The Hon. Beverley McArthur, Member for Western Victoria Region, Media Release, 6 March 2023
With no thanks to the Animal Justice Party, all Victorian racetracks, race meetings, trial meetings and racing precincts just got safer.
The recent passing in the Victorian Parliament of the Racing Amendment Bill 2022 prohibits the unauthorised access to these places and events and any acts that make them unsafe.
The changes are consistent with the crowd management provisions in the Major Events Act 2009, which covers major events including eight of Victoria’s major Spring Racing Carnival meetings.
The Bill will ensure the same safeguards are now in place at every thoroughbred, harness and greyhound race meeting and official trial meeting across the state.
Member for Western Victoria, Bev McArthur, said the legislation targeting the radical, animal rights activists, was overdue.
“Among these people are those who make racetracks and precincts unsafe,” Mrs McArthur said.
“During last year’s Spring Carnival in Melbourne, for example, individuals went onto the racetrack and poured an oily substance on the surface.
“It was designed to create mayhem – to make the track unsafe – to cause damage to horses and jockeys – and all of it simply so animal rights activists could say racetracks, and horse racing, are places of cruelty to animals.
“But” she told the Victorian Parliament, “This legislation is a no-brainer, really”.
“The purpose is to promote the safety and welfare of all patrons and participants, including animals and to avoid the potential consequences of incursions and disruptive conduct.
“Believe me, anyone involved in the horse world loves and cares for their animals.
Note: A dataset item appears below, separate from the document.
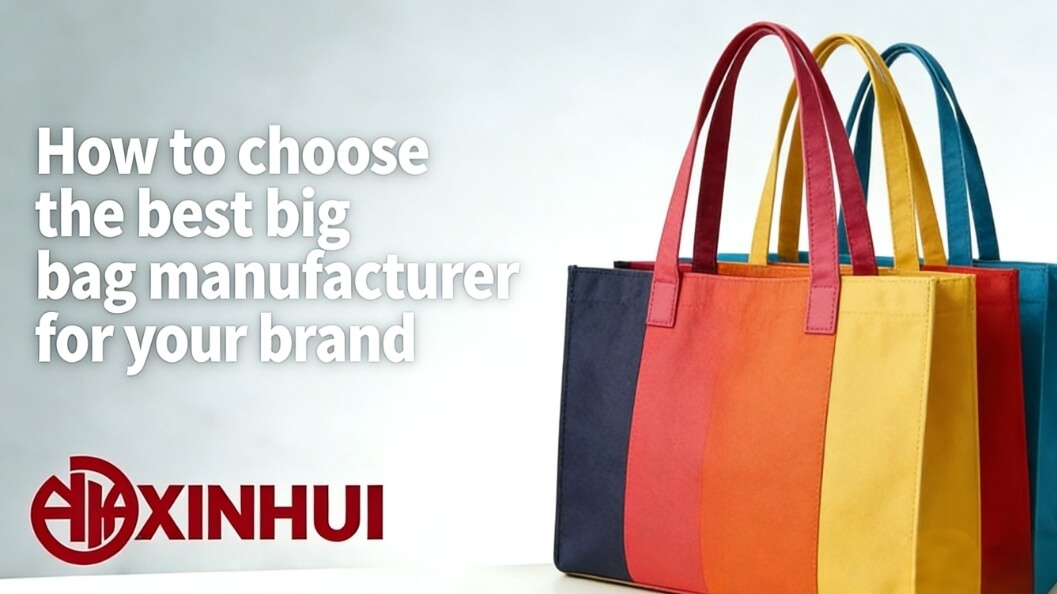 big bag manufacturer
We love our horses and we look after them to the very best of our ability,” Mrs McArthur said.
“When I was at primary school, I rode my pony to school. She was naughty and used to jump out of the pony paddock and gallop home while I was in the classroom, leaving me to walk home, while dodging the pecking magpies and plovers.
“But I still loved her – and by the way – horses break legs wandering around paddocks – they don’t have to be on a racetrack to get injured,” she said.
“What’s more, the racing industry is a critical part of Victoria’s economy and especially in rural and regional economies.
There are 66 country racing clubs in Victoria contributing $750 million into the state. About half of that comes from the 27 clubs in Western Victoria.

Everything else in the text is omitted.